RECORDS TO PROCESS:
★ ★ ★

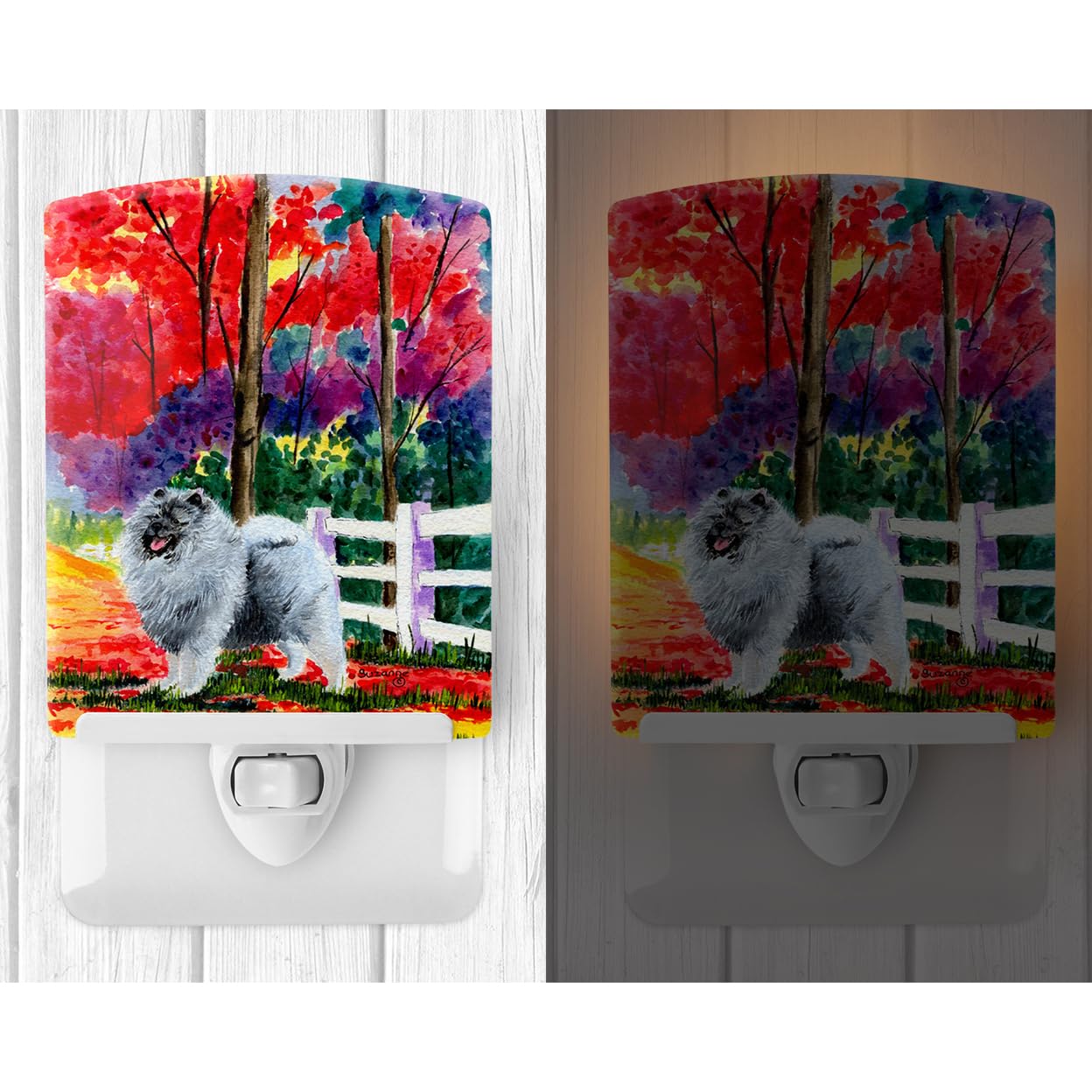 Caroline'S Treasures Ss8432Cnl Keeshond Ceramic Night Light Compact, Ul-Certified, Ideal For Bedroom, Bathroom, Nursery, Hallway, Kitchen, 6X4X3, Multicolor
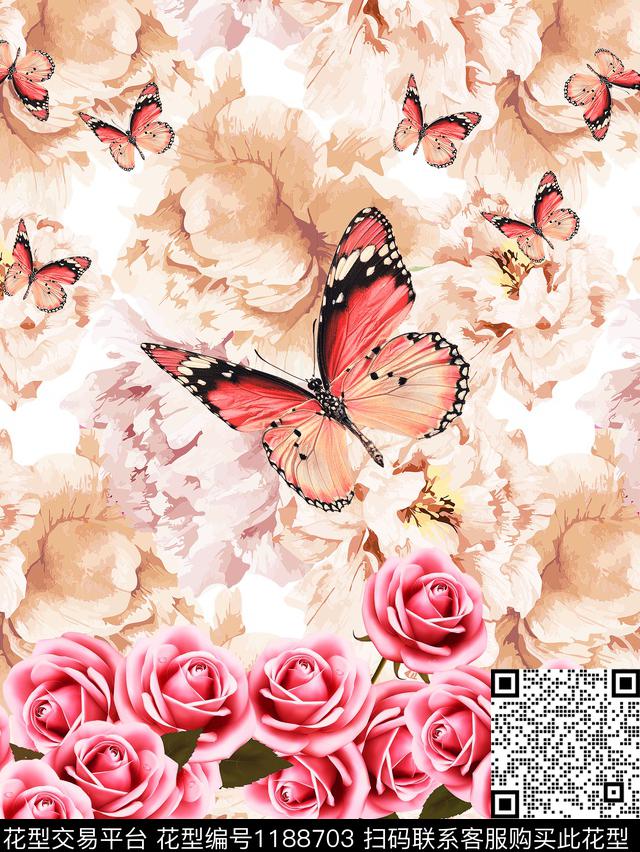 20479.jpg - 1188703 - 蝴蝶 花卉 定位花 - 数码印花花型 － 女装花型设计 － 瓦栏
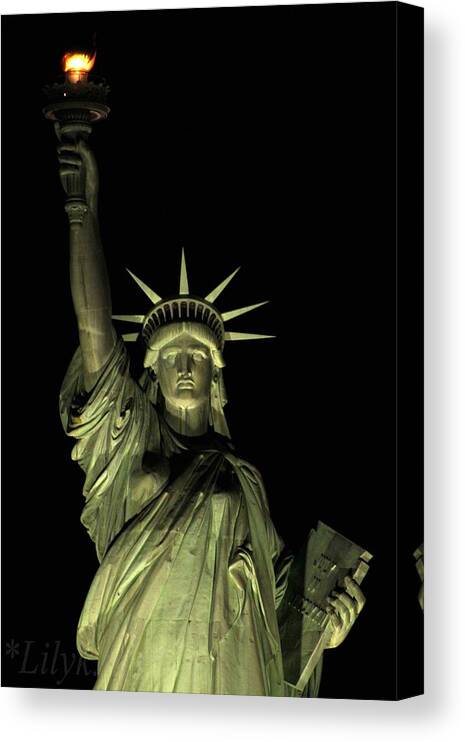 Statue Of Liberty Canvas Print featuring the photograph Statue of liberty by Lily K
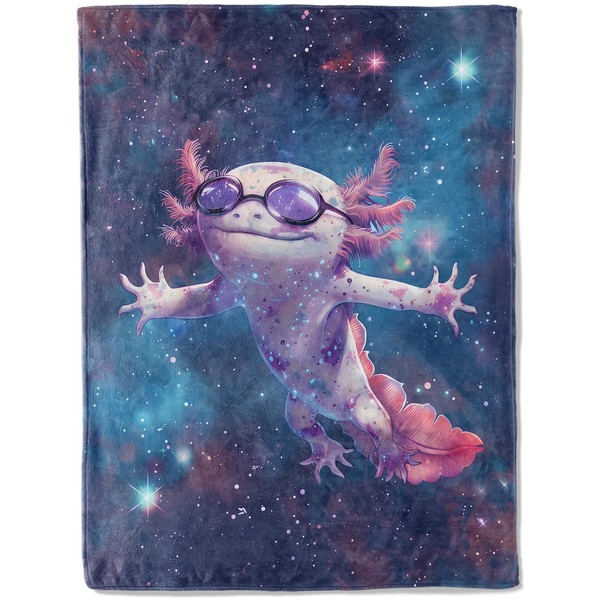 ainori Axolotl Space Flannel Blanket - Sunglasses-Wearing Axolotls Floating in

★ ★ ★

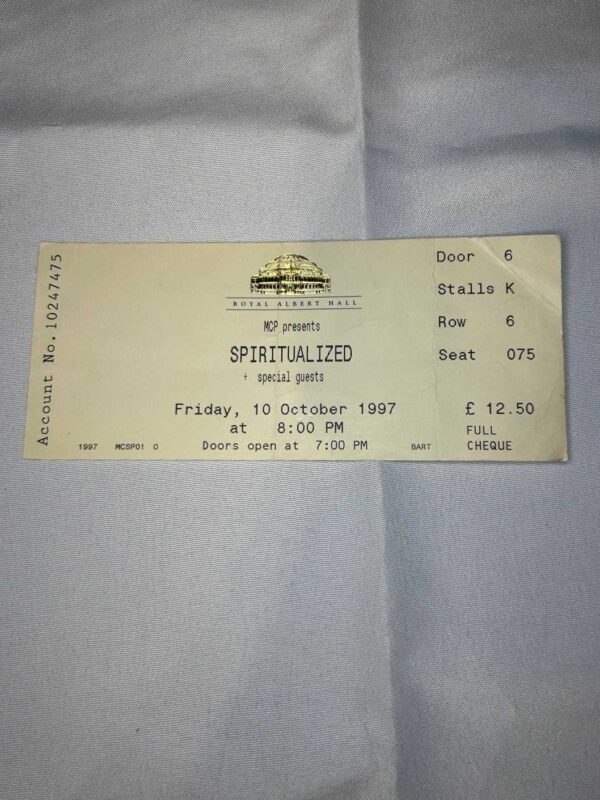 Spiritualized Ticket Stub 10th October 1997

★ ★ ★

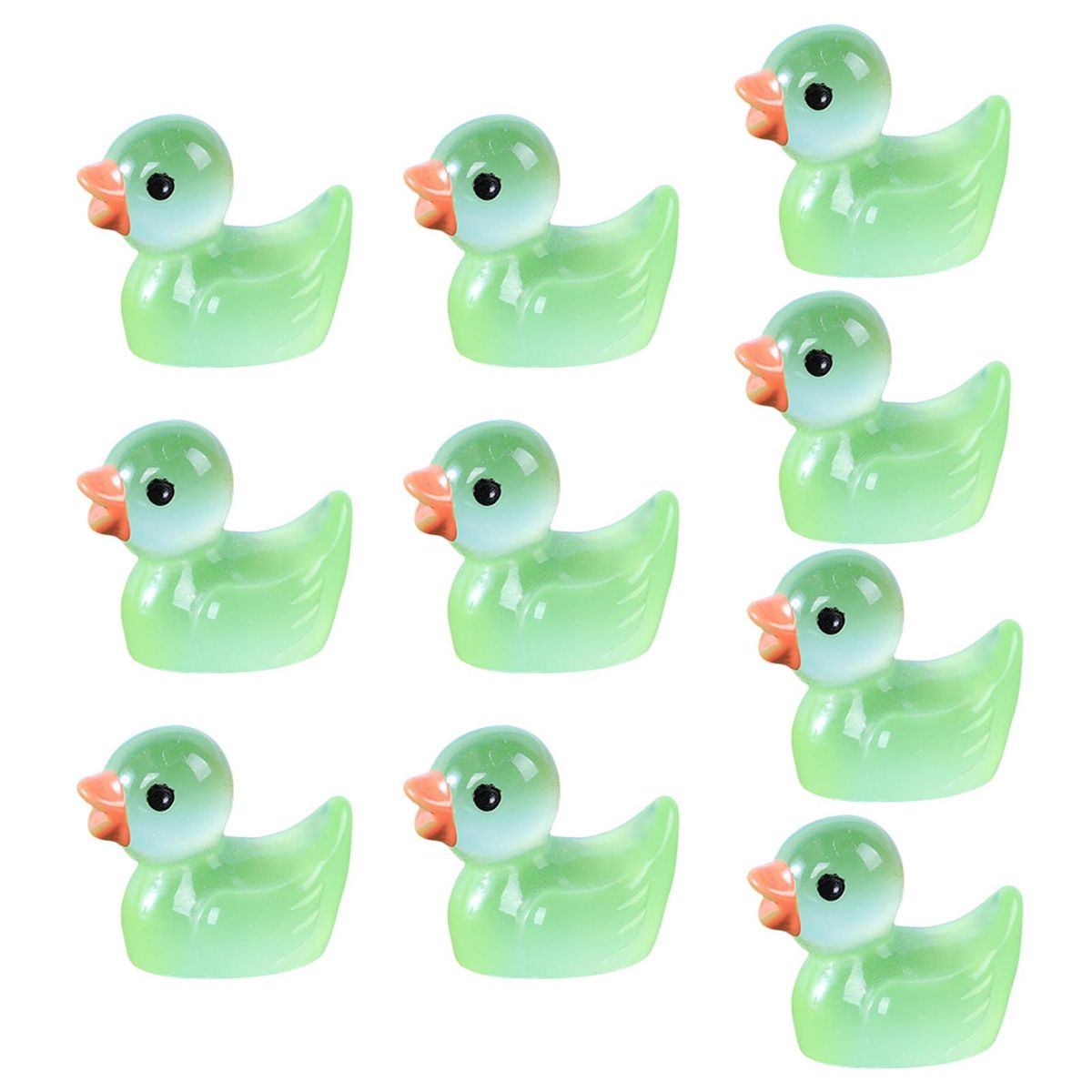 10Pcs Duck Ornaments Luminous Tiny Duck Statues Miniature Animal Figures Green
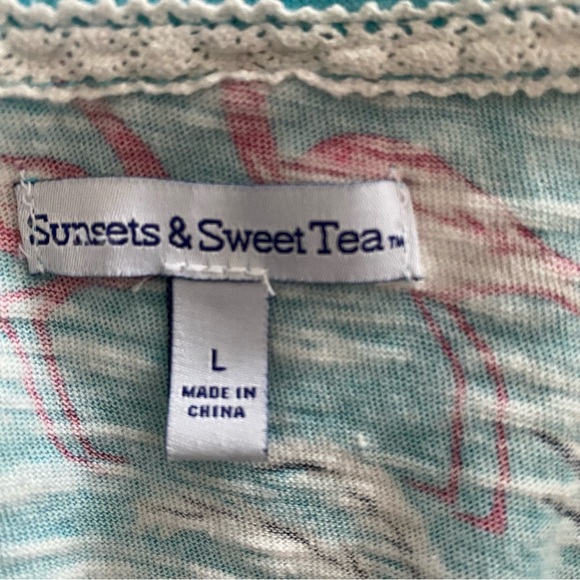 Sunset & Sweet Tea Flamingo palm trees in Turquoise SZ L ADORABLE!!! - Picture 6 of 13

★ ★ ★

TASK REQUIREMENTS:
After locating the line containing "20479.jpg - 1188703" in the entries above, return it and every line after it exactly, ending at the line containing "ainori Axolotl Space", without pictures.

TASK SOLUTION:
 20479.jpg - 1188703 - 蝴蝶 花卉 定位花 - 数码印花花型 － 女装花型设计 － 瓦栏
 Statue Of Liberty Canvas Print featuring the photograph Statue of liberty by Lily K
 ainori Axolotl Space Flannel Blanket - Sunglasses-Wearing Axolotls Floating in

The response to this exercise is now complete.